For demonstration purposes, you’ll be downloading single-cell multiomic data generated by Proteintech Genomics directly into the Google Colab virtual machine. The data is from human resting PBMCs stained with the MultiPro® Human Discovery Panel (HDP) followed by processing using 10x Genomics Flex chemistry with Feature Barcoding Technology.   
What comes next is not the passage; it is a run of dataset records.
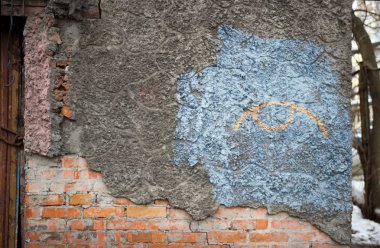 Terk edilmiş eski tuğla ev, çimentoyla kaplanmış, mavi arka planda bir göz şeklinde grafiti yapılmış. Evsizlerin ve uyuşturucu bağımlılarının takıldığı bir yer. Petersburg, Rusya.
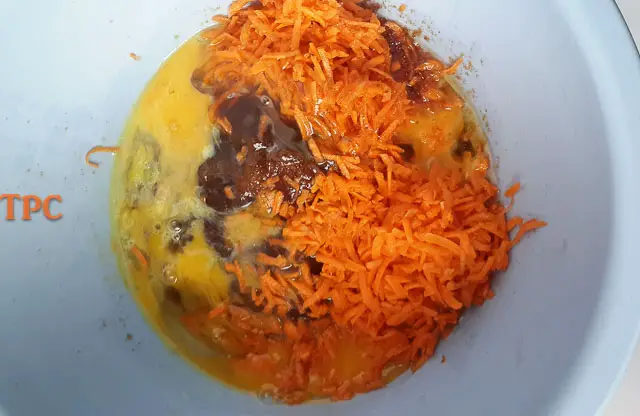 mix of wet ingredients for moist carrot cake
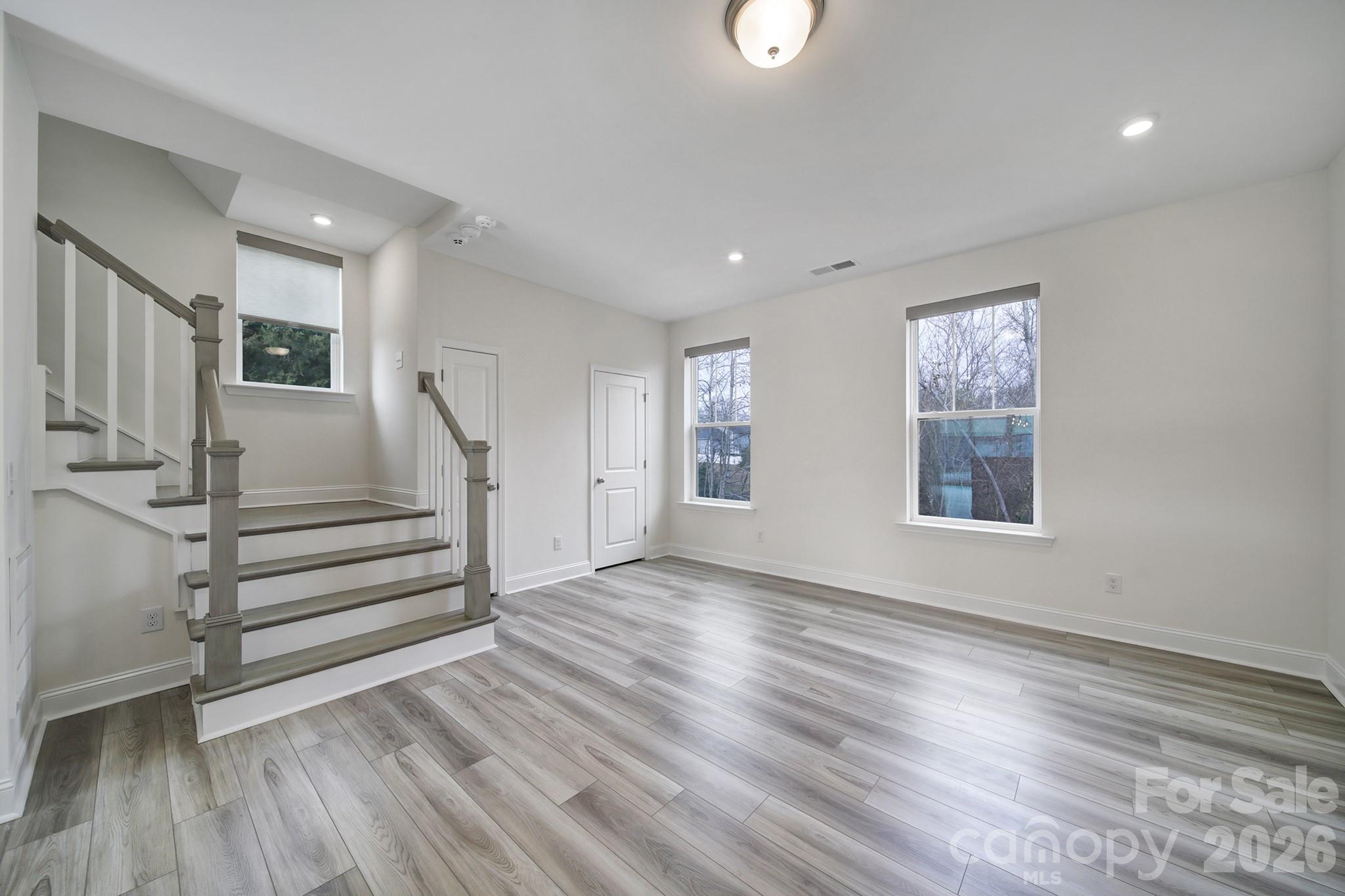 643 District Court Fort Mill, SC 29708 - Photo 19 of 41 wooden floor in an empty room with a window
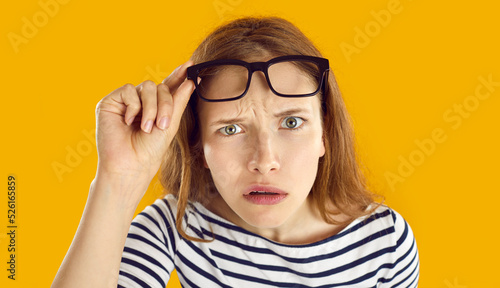 Confused woman looks at you with suspicious, doubtful and incredulous expression on her face. Close up of skeptical and suspicious young woman looking out from under glasses on orange background. photo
It is also possible to upload your own count matrix generated from HDP stained cells. This can be accomplished by mounting a Google Drive containing your pre-processed count matrix.


In [None]:
!curl -LO https://ptgngsdata.s3.us-west-2.amazonaws.com/counts/E44_1_restPBMC_DCpos_filtered_feature_bc_matrix.h5

Additional sample can be downloaded:
  *  LPS 4hrs, TI - https://ptgngsdata.s3.us-west-2.amazonaws.com/counts/E44_3_LPS_4h_filtered_feature_bc_matrix.h5


## Parameters for create_mudata

These are parameters for create_mudata:
  * path_count - file path to the count matrix
  * allow_file - file that contains barcodes passed filter \(a.k.a allow list\)
  * sample_id - a sample id string. \(Optional\)
  * prot_norm - method of protein normalization \(acceptable values: asinh, clr, none\)
  * celltypist_model - predefined model to predict cell types
  * add_3d_umap - whether to generate 3d umap 

#### Explore the celltypist models

Execute the following code to see all the available built-in models from the [Celltypist](https://www.celltypist.org/models)

In [None]:
import celltypist as ct
ct.models.models_description()


If any of above model fits your need, use it as the `celltypist_model` parameter, otherwize choose none to omit celltype prediction.

In [None]:
from google.colab import output
output.enable_custom_widget_manager()

In [None]:

create_mu_params  = citepro.nbgui.generate_create_mu_setting()

In [None]:
from google.colab import output
output.disable_custom_widget_manager()

### Execute the create_mudata

Now let's read in this data and create mudata object. This usually takes >10 minutes on colab, but will be faster \(5-10 minutes\) on a recent generation of HPC

In [None]:
mudat = citepro.recipe.create_mudata(**create_mu_params)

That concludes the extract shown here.